→ ACTION ITEM
Print a faithful copy of the data below, word for word, with the pictures left out.
**********
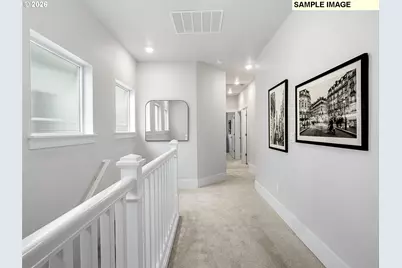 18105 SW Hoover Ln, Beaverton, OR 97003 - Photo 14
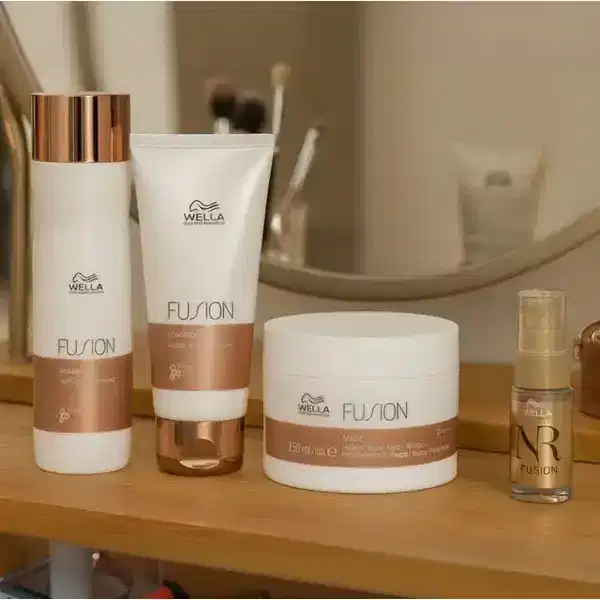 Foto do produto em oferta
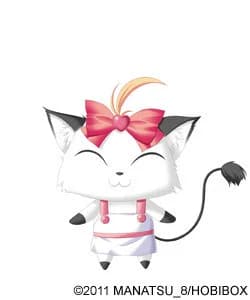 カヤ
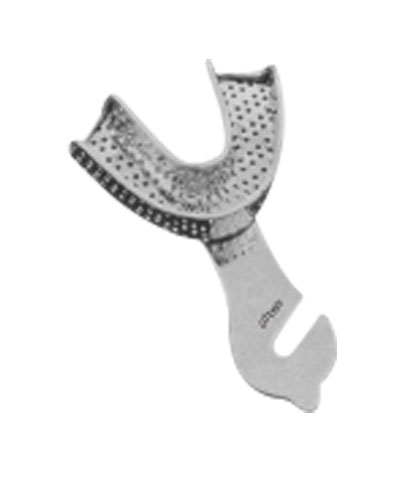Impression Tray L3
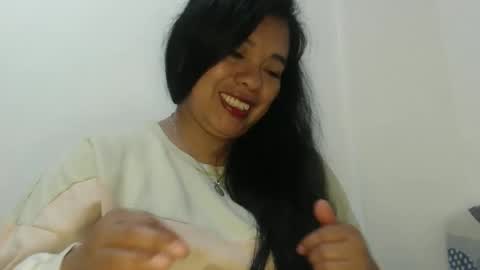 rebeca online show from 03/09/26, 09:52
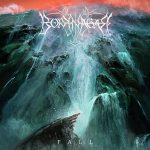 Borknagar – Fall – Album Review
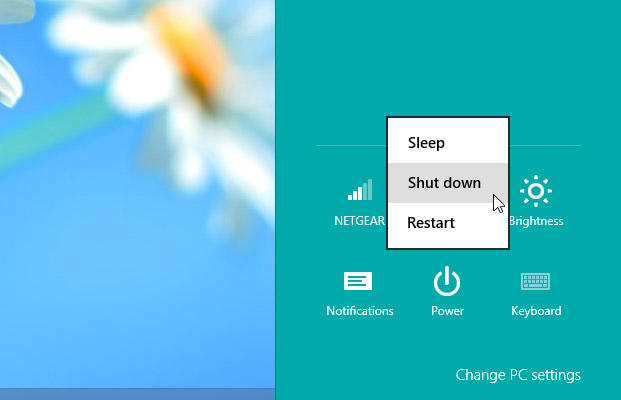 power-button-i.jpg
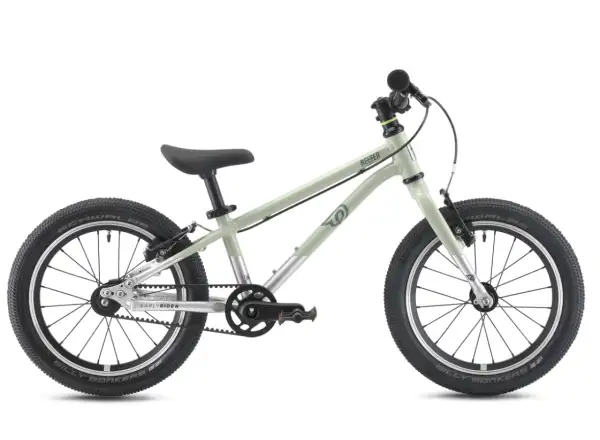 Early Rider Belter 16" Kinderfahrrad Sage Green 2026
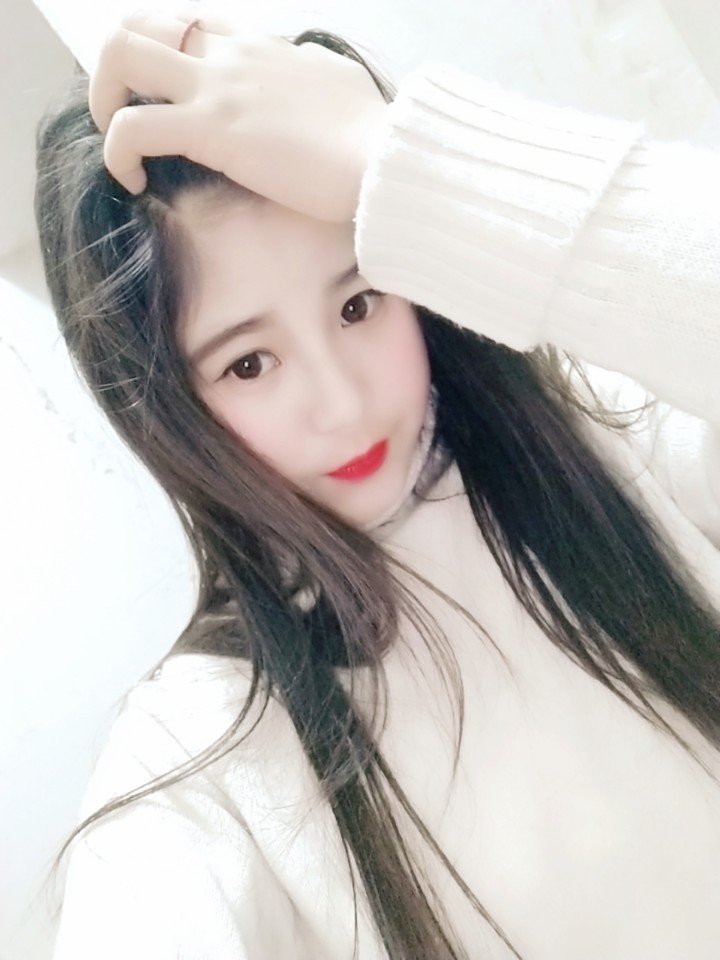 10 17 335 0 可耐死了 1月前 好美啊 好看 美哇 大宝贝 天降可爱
**********
→ SOLUTION TO THIS EXERCISE
 18105 SW Hoover Ln, Beaverton, OR 97003 - Photo 14
 Foto do produto em oferta
 カヤ
Impression Tray L3
 rebeca online show from 03/09/26, 09:52
 Borknagar – Fall – Album Review
 power-button-i.jpg
 Early Rider Belter 16" Kinderfahrrad Sage Green 2026
 10 17 335 0 可耐死了 1月前 好美啊 好看 美哇 大宝贝 天降可爱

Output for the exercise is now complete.